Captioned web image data
+---+

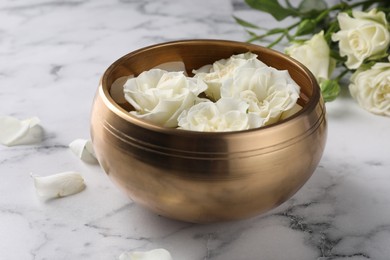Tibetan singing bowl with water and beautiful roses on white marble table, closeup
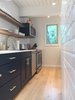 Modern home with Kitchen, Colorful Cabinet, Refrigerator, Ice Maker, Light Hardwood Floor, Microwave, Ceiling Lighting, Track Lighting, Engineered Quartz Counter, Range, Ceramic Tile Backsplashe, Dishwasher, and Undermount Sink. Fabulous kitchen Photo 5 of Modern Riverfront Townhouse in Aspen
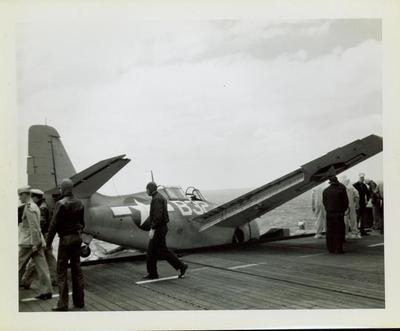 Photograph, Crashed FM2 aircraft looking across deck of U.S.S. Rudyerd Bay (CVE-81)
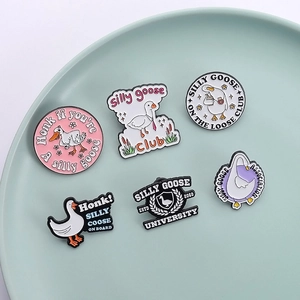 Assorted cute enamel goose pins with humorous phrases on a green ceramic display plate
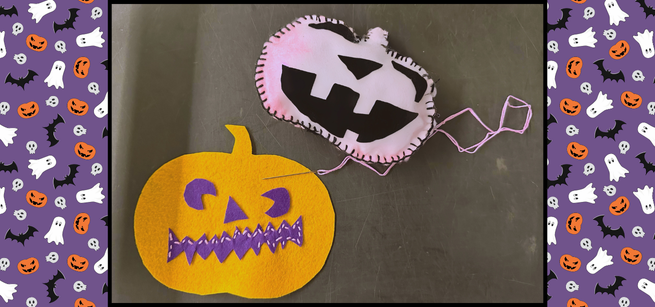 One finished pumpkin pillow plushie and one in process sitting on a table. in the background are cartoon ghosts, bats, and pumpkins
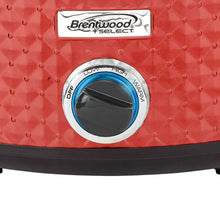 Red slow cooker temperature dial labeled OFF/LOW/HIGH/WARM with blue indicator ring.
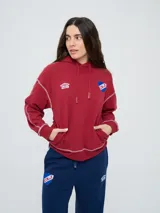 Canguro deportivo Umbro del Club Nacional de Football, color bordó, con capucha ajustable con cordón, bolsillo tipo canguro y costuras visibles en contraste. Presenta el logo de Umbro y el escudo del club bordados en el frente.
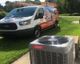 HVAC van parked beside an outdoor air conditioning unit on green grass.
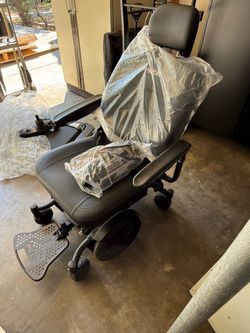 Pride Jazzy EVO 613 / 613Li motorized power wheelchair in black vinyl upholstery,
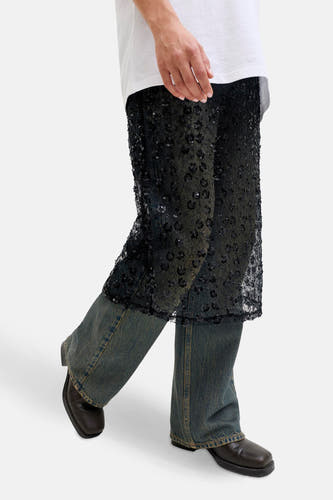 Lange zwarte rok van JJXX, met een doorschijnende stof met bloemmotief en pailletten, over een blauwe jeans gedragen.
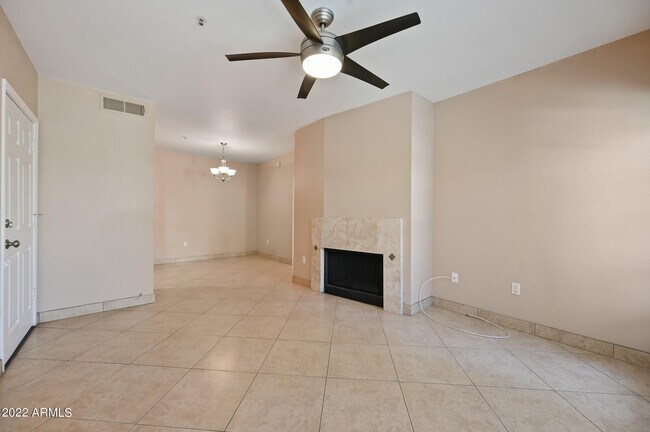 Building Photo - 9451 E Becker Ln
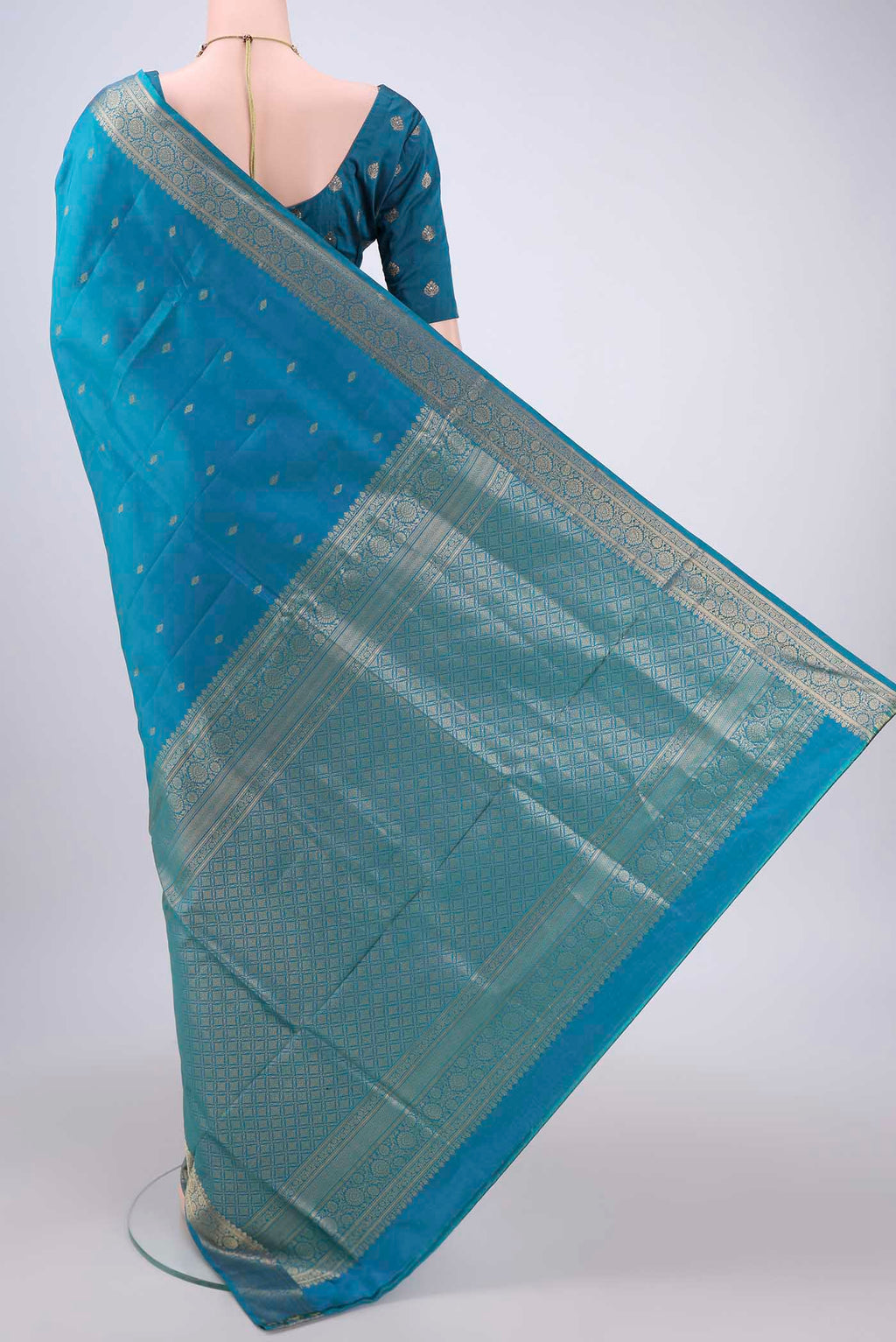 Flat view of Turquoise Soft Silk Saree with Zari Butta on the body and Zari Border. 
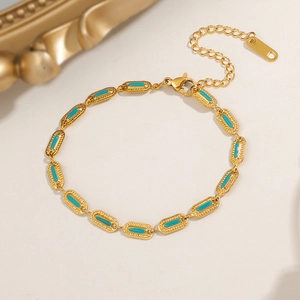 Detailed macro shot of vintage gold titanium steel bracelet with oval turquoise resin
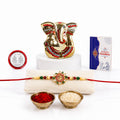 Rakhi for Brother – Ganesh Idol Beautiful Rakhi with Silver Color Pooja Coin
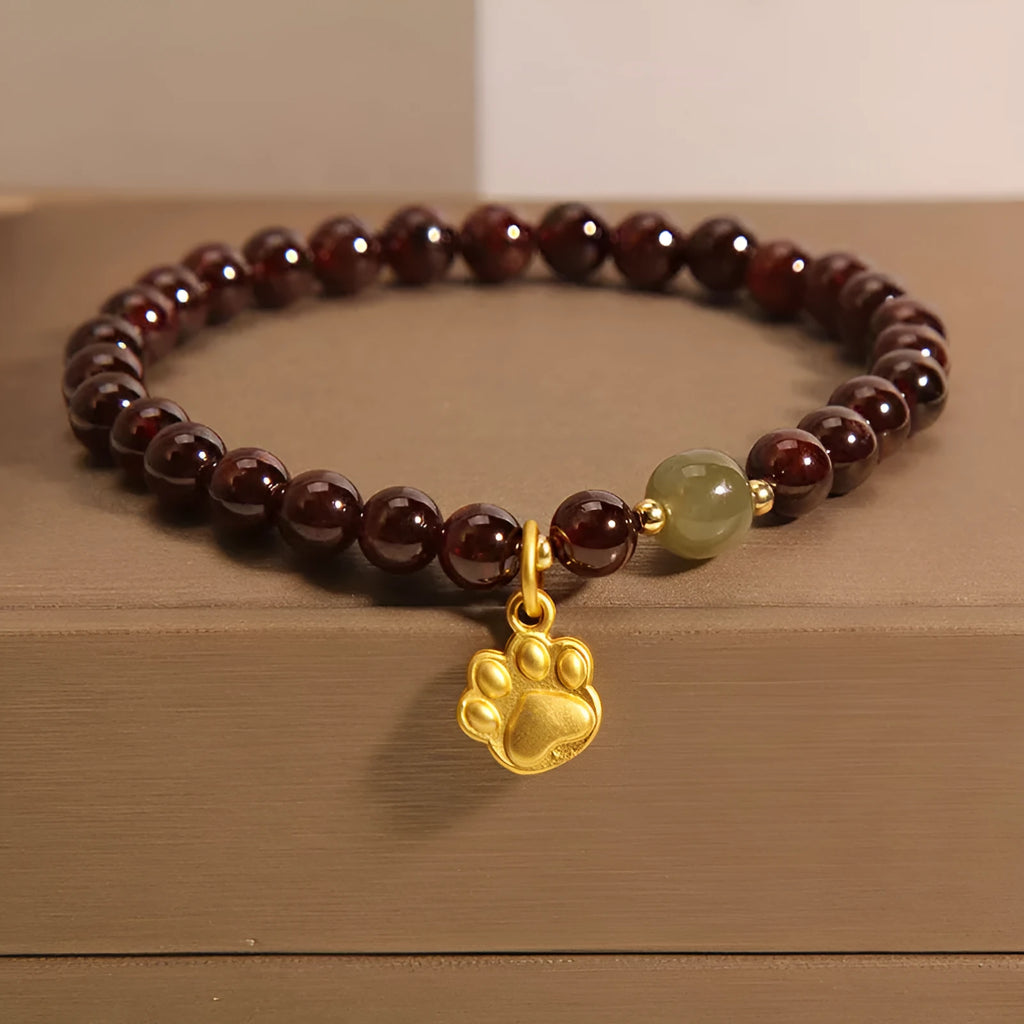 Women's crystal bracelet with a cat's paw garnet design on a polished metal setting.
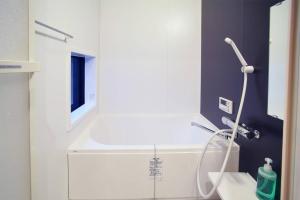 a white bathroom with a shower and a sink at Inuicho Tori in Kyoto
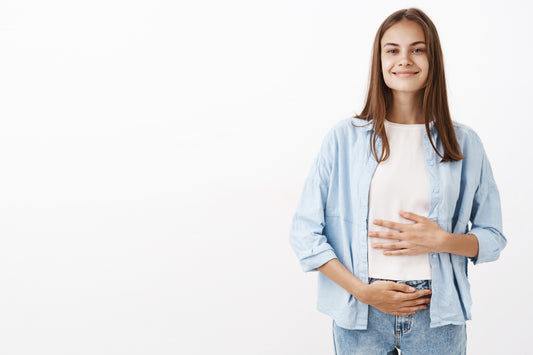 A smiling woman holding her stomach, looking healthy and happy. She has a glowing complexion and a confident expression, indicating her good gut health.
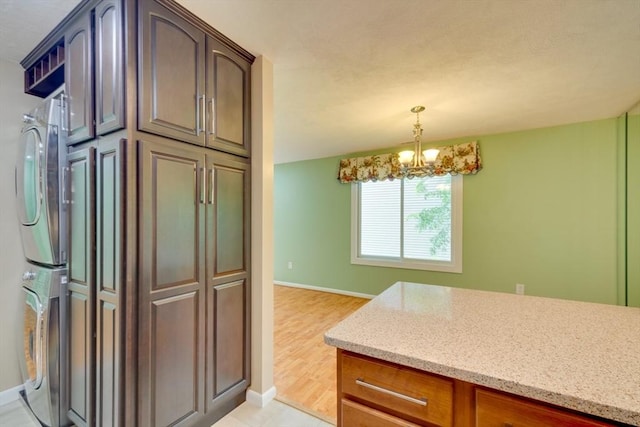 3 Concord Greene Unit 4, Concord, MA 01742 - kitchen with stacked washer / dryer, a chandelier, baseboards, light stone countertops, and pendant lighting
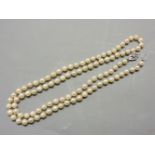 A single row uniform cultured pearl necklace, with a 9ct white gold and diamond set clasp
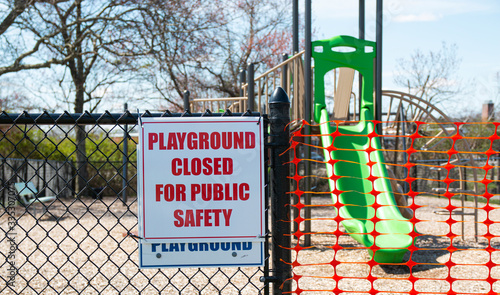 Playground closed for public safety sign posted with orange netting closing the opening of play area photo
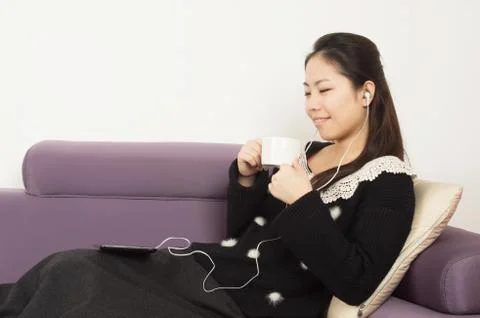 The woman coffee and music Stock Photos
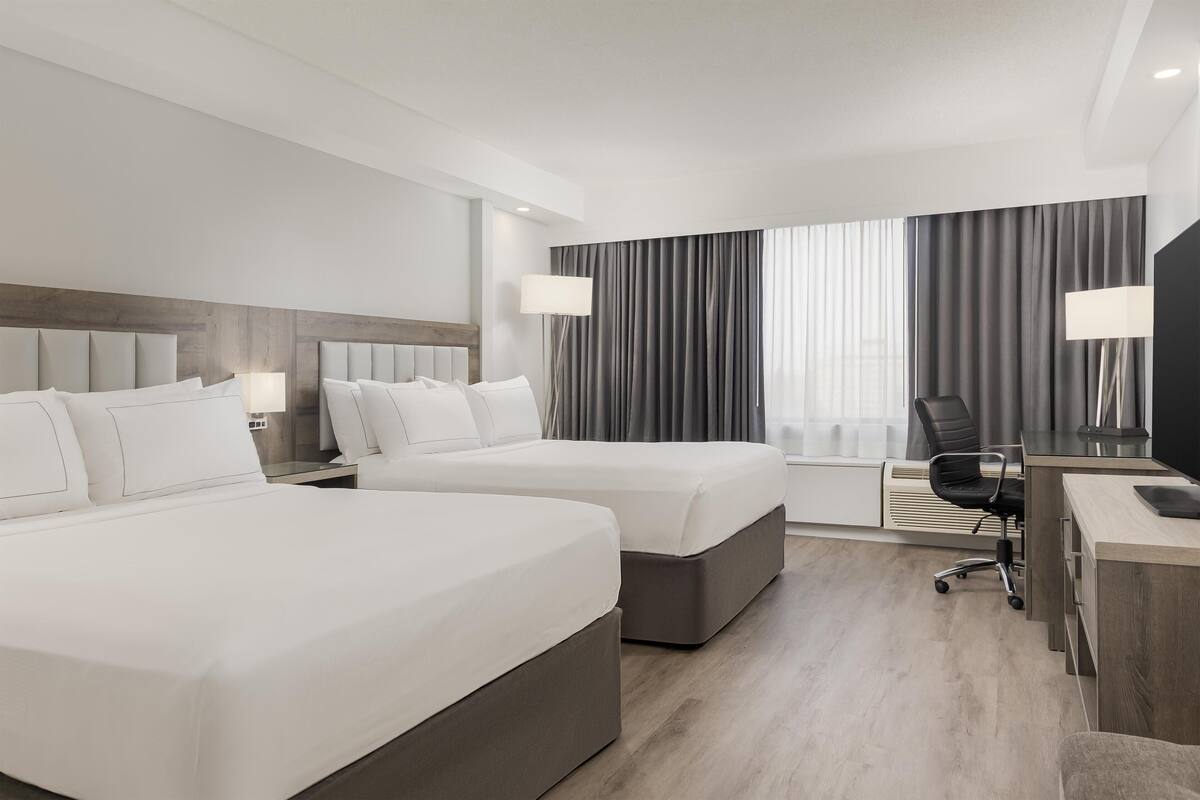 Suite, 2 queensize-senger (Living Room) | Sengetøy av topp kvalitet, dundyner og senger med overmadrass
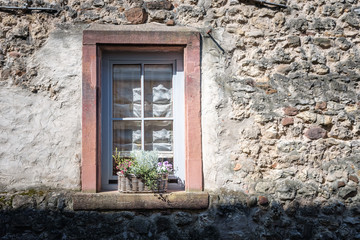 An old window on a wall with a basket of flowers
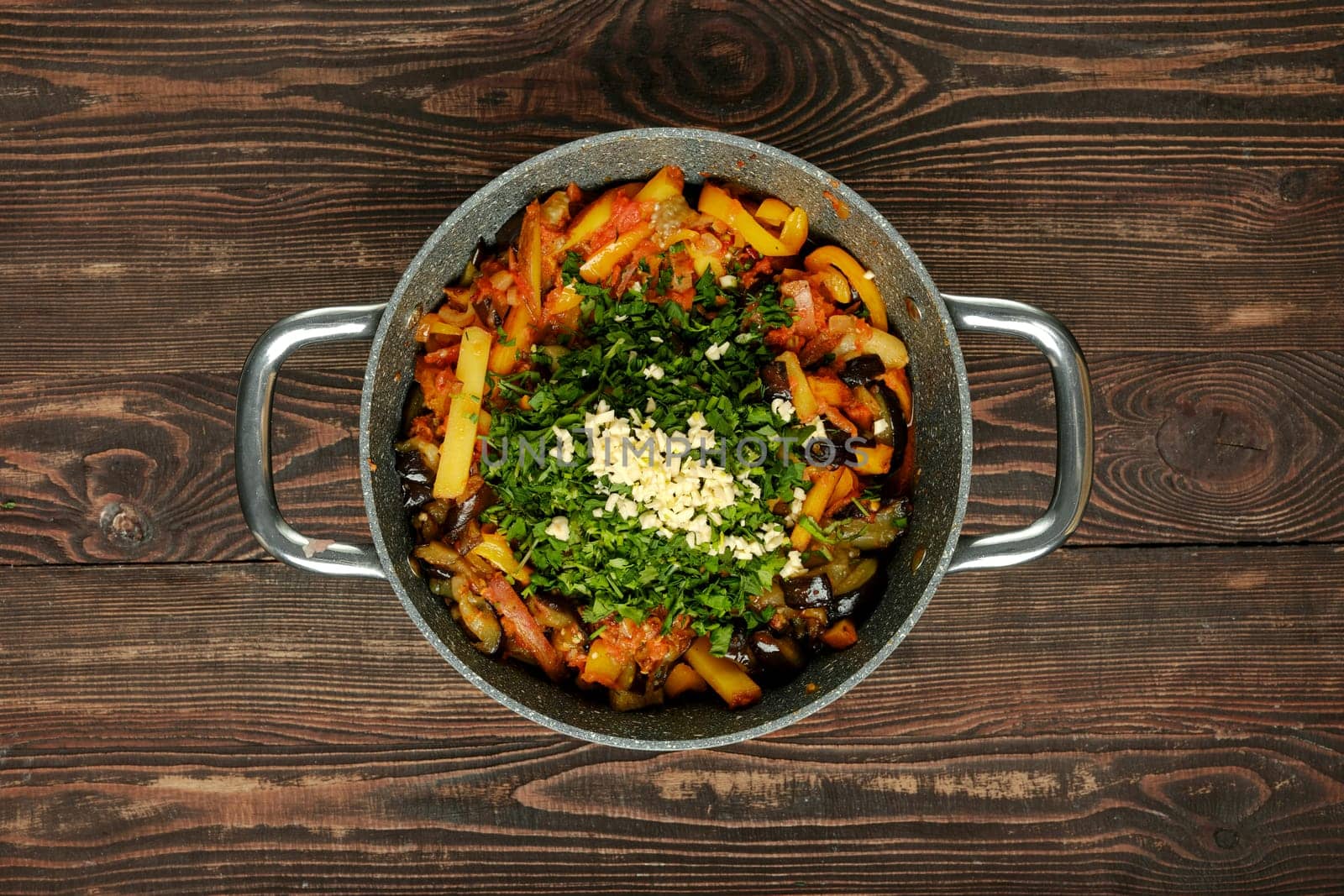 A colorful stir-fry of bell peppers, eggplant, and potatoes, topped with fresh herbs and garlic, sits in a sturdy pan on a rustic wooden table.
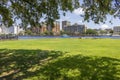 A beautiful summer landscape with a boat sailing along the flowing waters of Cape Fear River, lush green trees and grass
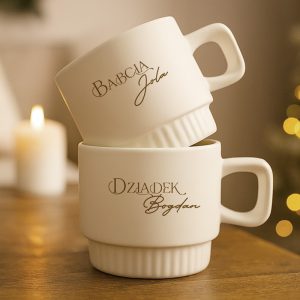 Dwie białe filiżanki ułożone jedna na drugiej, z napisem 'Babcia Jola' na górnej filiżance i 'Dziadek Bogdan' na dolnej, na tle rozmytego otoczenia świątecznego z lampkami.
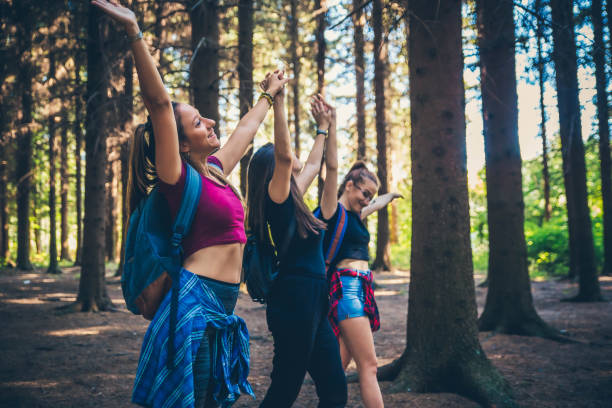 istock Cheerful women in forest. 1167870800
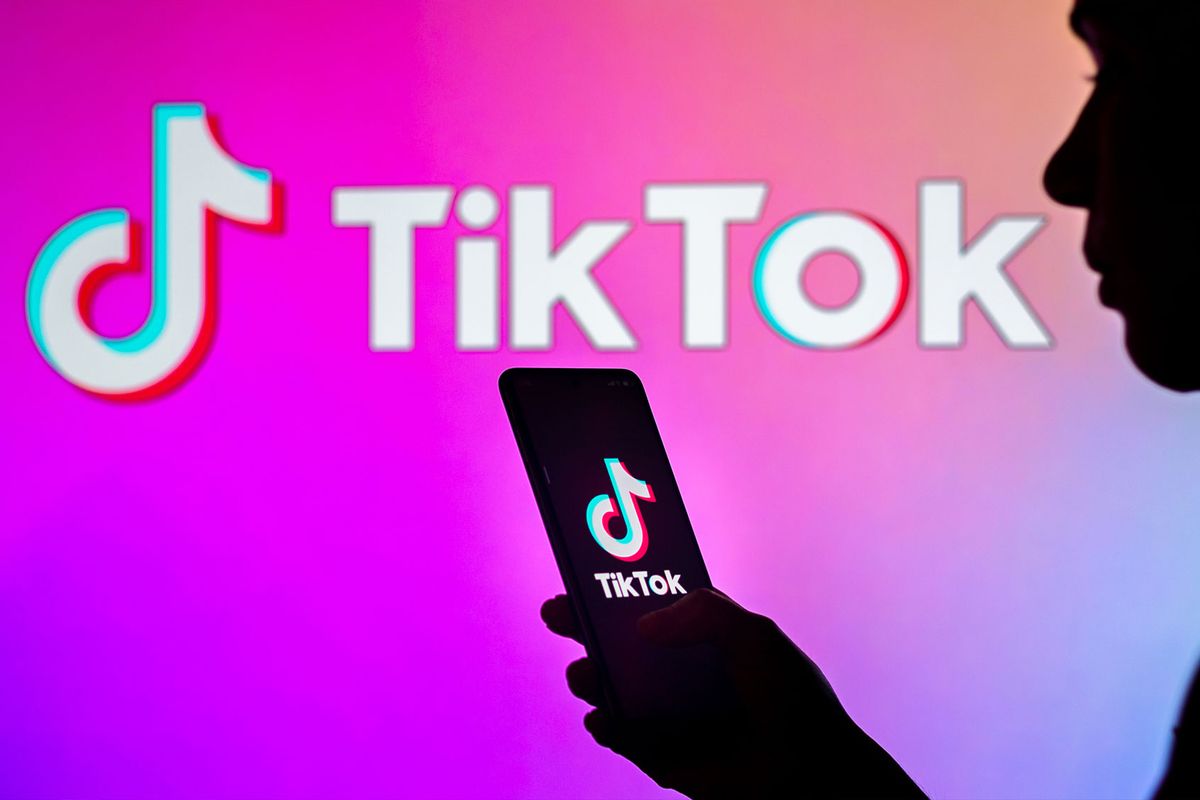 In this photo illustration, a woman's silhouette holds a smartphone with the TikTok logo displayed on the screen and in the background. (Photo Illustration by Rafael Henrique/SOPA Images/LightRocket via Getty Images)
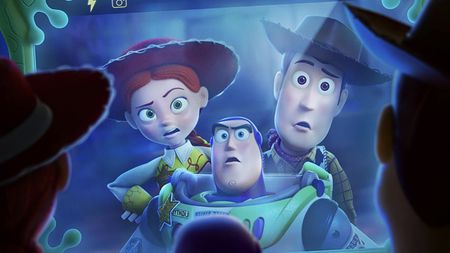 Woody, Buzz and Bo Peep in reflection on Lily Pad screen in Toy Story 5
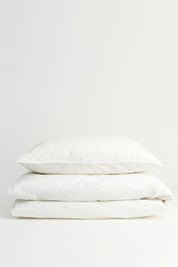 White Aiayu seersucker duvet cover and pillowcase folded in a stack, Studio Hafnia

+---+

Each of the entries above must be copied exactly, but the pictures stay out.

Tibetan singing bowl with water and beautiful roses on white marble table, closeup
 Modern home with Kitchen, Colorful Cabinet, Refrigerator, Ice Maker, Light Hardwood Floor, Microwave, Ceiling Lighting, Track Lighting, Engineered Quartz Counter, Range, Ceramic Tile Backsplashe, Dishwasher, and Undermount Sink. Fabulous kitchen Photo 5 of Modern Riverfront Townhouse in Aspen
 Photograph, Crashed FM2 aircraft looking across deck of U.S.S. Rudyerd Bay (CVE-81)
 Assorted cute enamel goose pins with humorous phrases on a green ceramic display plate
 One finished pumpkin pillow plushie and one in process sitting on a table. in the background are cartoon ghosts, bats, and pumpkins
 Red slow cooker temperature dial labeled OFF/LOW/HIGH/WARM with blue indicator ring.
 Canguro deportivo Umbro del Club Nacional de Football, color bordó, con capucha ajustable con cordón, bolsillo tipo canguro y costuras visibles en contraste. Presenta el logo de Umbro y el escudo del club bordados en el frente.
 HVAC van parked beside an outdoor air conditioning unit on green grass.
 Pride Jazzy EVO 613 / 613Li motorized power wheelchair in black vinyl upholstery,
 Lange zwarte rok van JJXX, met een doorschijnende stof met bloemmotief en pailletten, over een blauwe jeans gedragen.
 Building Photo - 9451 E Becker Ln
 Flat view of Turquoise Soft Silk Saree with Zari Butta on the body and Zari Border. 
 Detailed macro shot of vintage gold titanium steel bracelet with oval turquoise resin
 Rakhi for Brother – Ganesh Idol Beautiful Rakhi with Silver Color Pooja Coin
 Women's crystal bracelet with a cat's paw garnet design on a polished metal setting.
 a white bathroom with a shower and a sink at Inuicho Tori in Kyoto
 A smiling woman holding her stomach, looking healthy and happy. She has a glowing complexion and a confident expression, indicating her good gut health.
 3 Concord Greene Unit 4, Concord, MA 01742 - kitchen with stacked washer / dryer, a chandelier, baseboards, light stone countertops, and pendant lighting
 A single row uniform cultured pearl necklace, with a 9ct white gold and diamond set clasp
 Playground closed for public safety sign posted with orange netting closing the opening of play area photo
 The woman coffee and music Stock Photos
 Suite, 2 queensize-senger (Living Room) | Sengetøy av topp kvalitet, dundyner og senger med overmadrass
 An old window on a wall with a basket of flowers
 A colorful stir-fry of bell peppers, eggplant, and potatoes, topped with fresh herbs and garlic, sits in a sturdy pan on a rustic wooden table.
 A beautiful summer landscape with a boat sailing along the flowing waters of Cape Fear River, lush green trees and grass
 Dwie białe filiżanki ułożone jedna na drugiej, z napisem 'Babcia Jola' na górnej filiżance i 'Dziadek Bogdan' na dolnej, na tle rozmytego otoczenia świątecznego z lampkami.
 istock Cheerful women in forest. 1167870800
 In this photo illustration, a woman's silhouette holds a smartphone with the TikTok logo displayed on the screen and in the background. (Photo Illustration by Rafael Henrique/SOPA Images/LightRocket via Getty Images)
 Woody, Buzz and Bo Peep in reflection on Lily Pad screen in Toy Story 5
 White Aiayu seersucker duvet cover and pillowcase folded in a stack, Studio Hafnia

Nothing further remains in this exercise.